Recipe by Sue Lau
Makes a great spicy dish to serve over rice or pasta. Can explode with spice if you like it, but adjust the heat to your taste. So easy and quick to prepare, and tastes like you put so much more effort into it.
Top Review by Denise!
Delicious, Sue! I doubled the sauce and probably added more green onion and parsley than called for. I didn't make this super spicy as I was serving with Chardonnay. It didn't get as thick as I would like, so I added some parmesan cheese and instead of using lemon juice, I used about a fourth cup of white wine. Very simple, very good...another keeper!
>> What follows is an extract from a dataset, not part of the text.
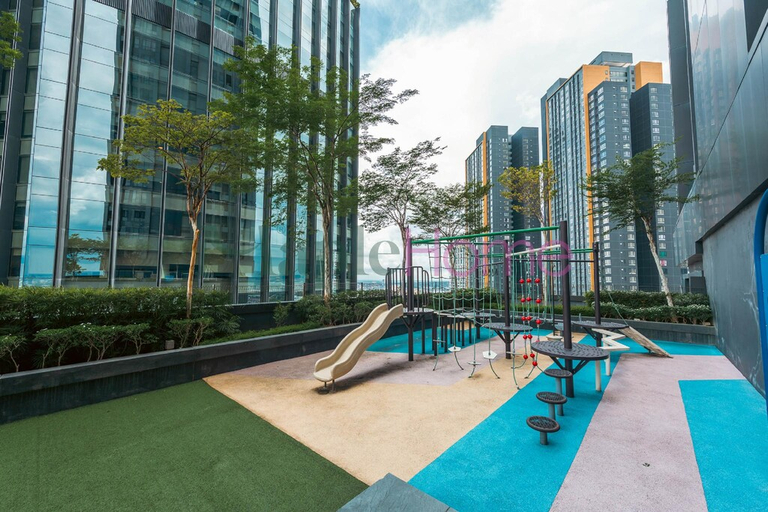 Others 3, Hill10 Premier Suites Shah Alam, Shah Alam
- 1 lb large shrimp, peeled and deveined
- 1⁄2-1 teaspoon creole seasoning
- 1⁄4 teaspoon salt
- 1⁄4 teaspoon black pepper
- 1⁄4-1⁄2 teaspoon cayenne pepper
- 1 tablespoon olive oil
- 2 cloves garlic, minced
- 1 scallion, finely sliced
- 1 cup whipping cream
- 2 tablespoons chopped fresh parsley
- 3 tablespoons lemon juice
- hot cooked rice or pasta
Directions See How It's Made
- Sprinkle shrimp with creole seasoning, salt, pepper and cayenne.
- Cook shrimp in olive oil in a hot skillet just until pink and curled, about 3 minutes.
- Add the garlic and green onions and cook until fragrant.
- Stir in the whipping cream and cook until dish is warmed, stirring frequently.
- Mix in parsley and lemon juice just before serving.
- Serve over pasta or hot cooked rice, if desired.